Het zijn van die kleine dagelijkse incidentjes waardoor ik me wezenloos kan ergeren aan onze consumptiesamenleving, het systeem waarin we onszelf en elkaar helemaal gek maken met alles wat we zouden moeten doen of hebben. Je denkt toch niet werkelijk dat met het installeren (en dus steeds opnieuw je computer opstarten en opnieuw zoeken waar die handige functie in vredesnaam gebleven is) van al die nieuwe software updates, mijn kwaliteit van leven ook maar een fractie beter is geworden?

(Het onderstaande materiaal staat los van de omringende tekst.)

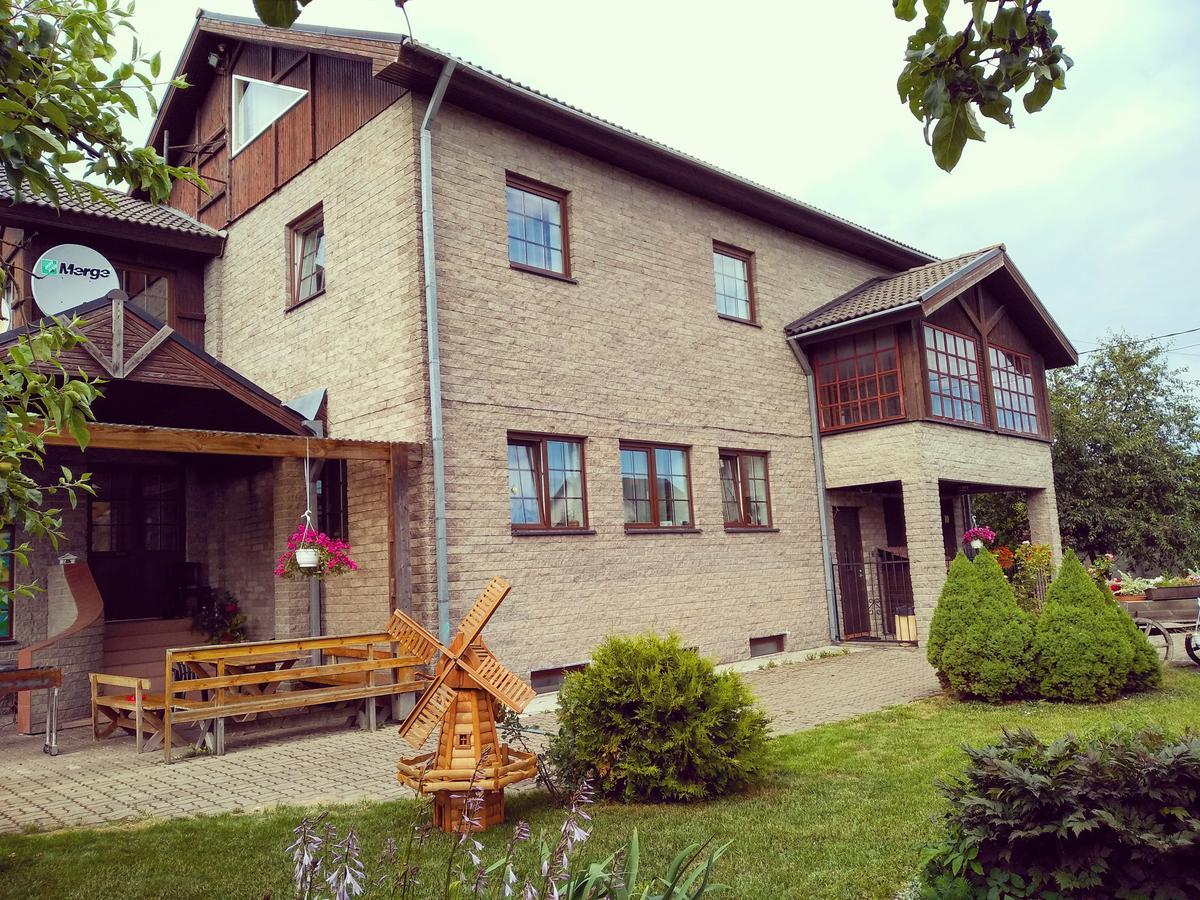 Urusel Guesthouse Талин Екстериор снимка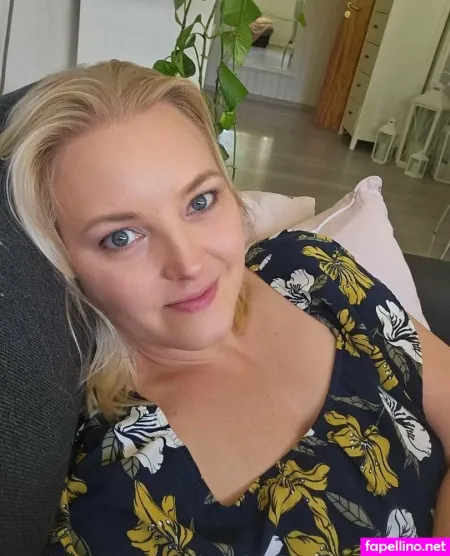 Blond Ellie OnlyFans Thumbnail #vj6soymosy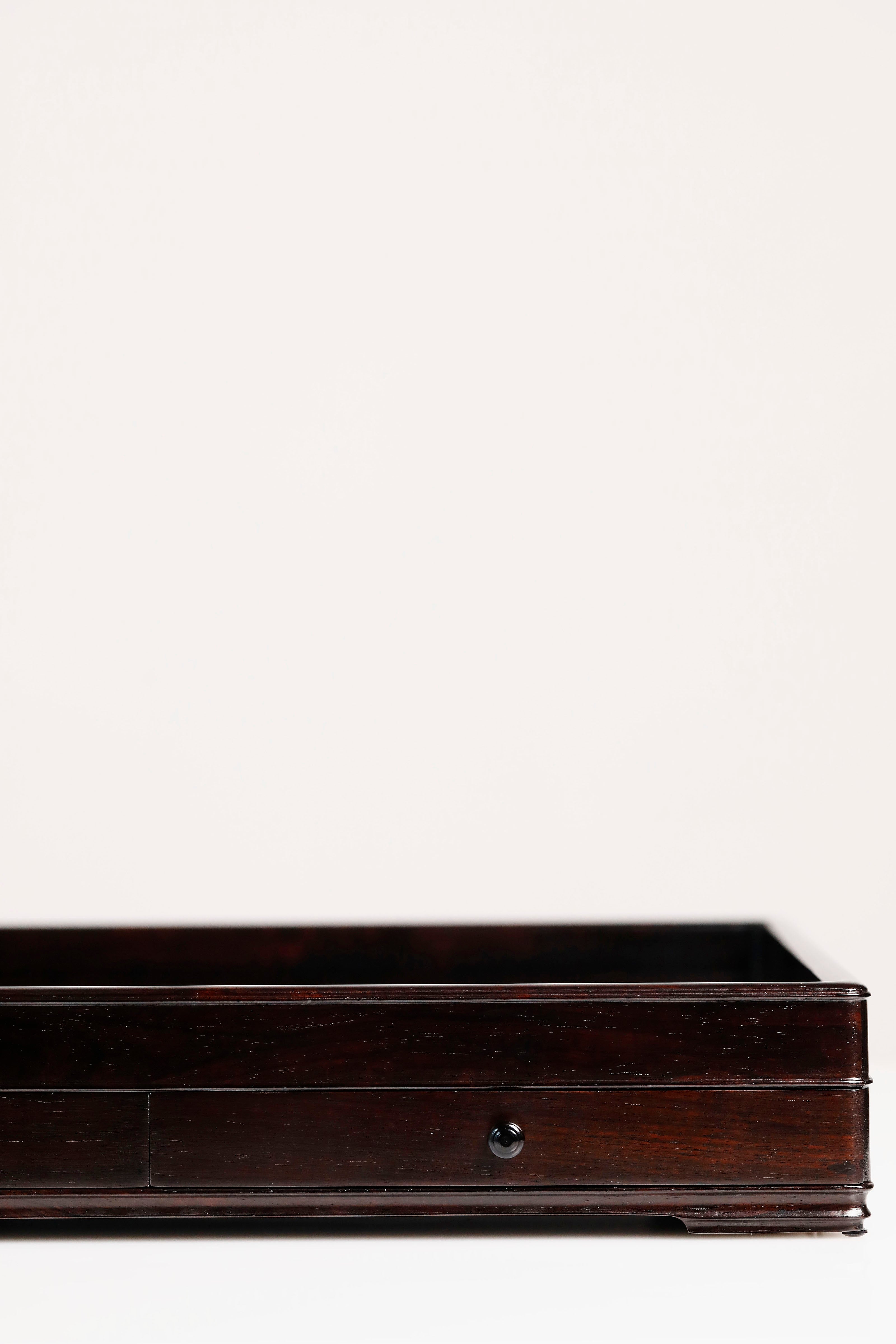 A plain-faced plate inlaid with burl wood on small-leaf red sandalwood, and a plate inlaid with purple sandalwood.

De vraag diende zich aan wat ik zou doen met mijn koffiezetter. Een nieuwe? Laten repareren? Of een andere weg in gaan slaan. Het voelde goed om gezien mijn ergernis en mijn steeds bewuster worden van onze consumptie idiotie (ja, die cupjes zijn recyclebaar en dat doe ik dus ook braaf, maar ze moeten ook gemáákt worden….), een andere weg in te slaan.
Gewoon filterkoffie. Maar, dacht ik, dan niet weer een apparaat met snufjes en foefjes, gewoon een leuk kannetje, met een vaste filter en gezellige potten gemalen koffie op het aanrecht. Voor €12,50 klaar mevrouw. Even oefenen met de koffie-water ratio, ik houd van lekker sterk, maar niet té. Even bezien hoe snel de boel afkoelt in zo’n kannetje en dan dus niet te veel per keer zetten, want dan heb je een kannetje kouwe koffie, of aangebrande koffie als-ie te lang op een kookplaatje laagste stand staat.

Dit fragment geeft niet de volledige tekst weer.